Give again the lines from the line with "Jeju Jeju Aria" to the last line of the records, exactly and in full. Do not carry over any pictures.

##### Data records #####

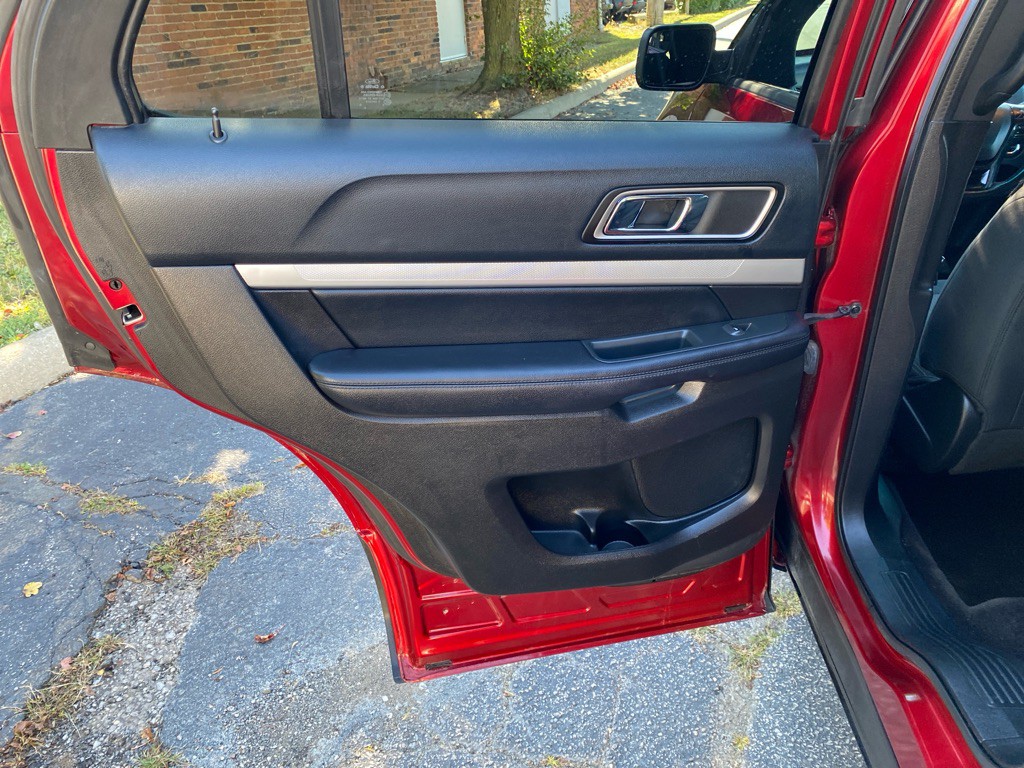 2016 Ford Explorer Image 19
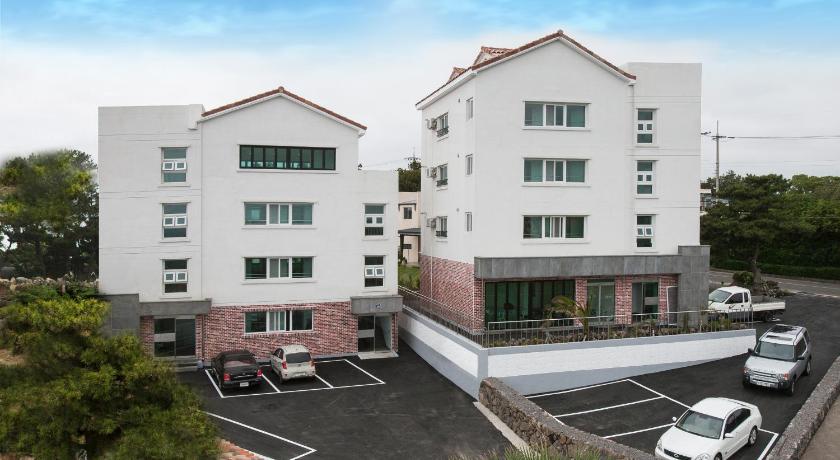 Jeju Jeju Aria Pension 4-Star Guesthouse room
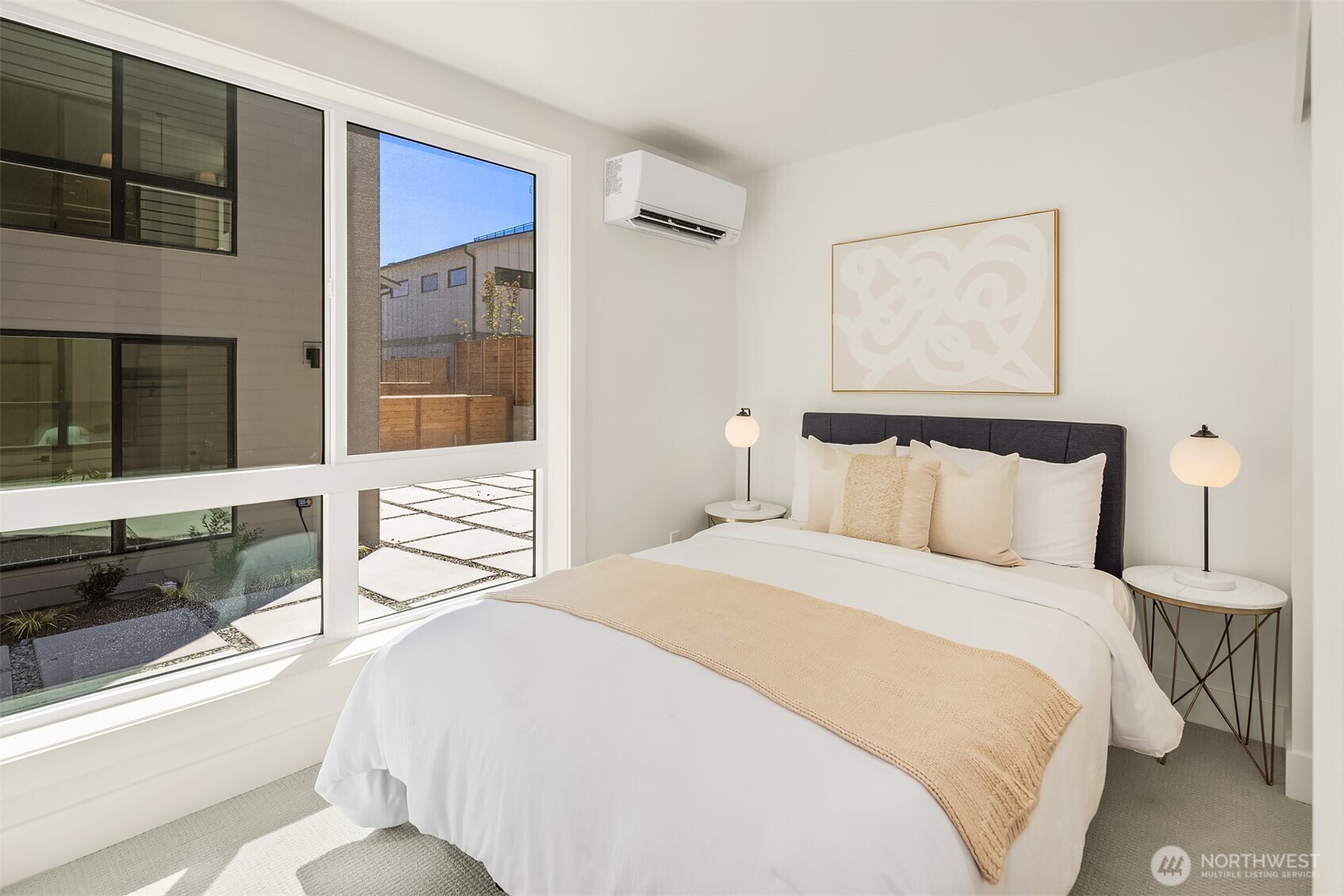 4415 2nd Avenue NE Unit: B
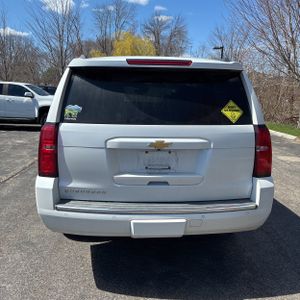 CHEVROLET SUBURBAN - 5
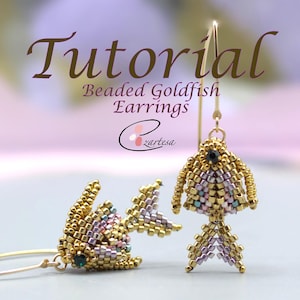 Pode incluir: Brincos de peixe dourado feitos de contas douradas, roxas e iridescentes. Os brincos têm a forma de um peixe dourado. A imagem inclui a palavra "Tutorial" e o texto "Beaded Goldfish Earrings".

#####

### Answer box
 Jeju Jeju Aria Pension 4-Star Guesthouse room
 4415 2nd Avenue NE Unit: B
 CHEVROLET SUBURBAN - 5
 Pode incluir: Brincos de peixe dourado feitos de contas douradas, roxas e iridescentes. Os brincos têm a forma de um peixe dourado. A imagem inclui a palavra "Tutorial" e o texto "Beaded Goldfish Earrings".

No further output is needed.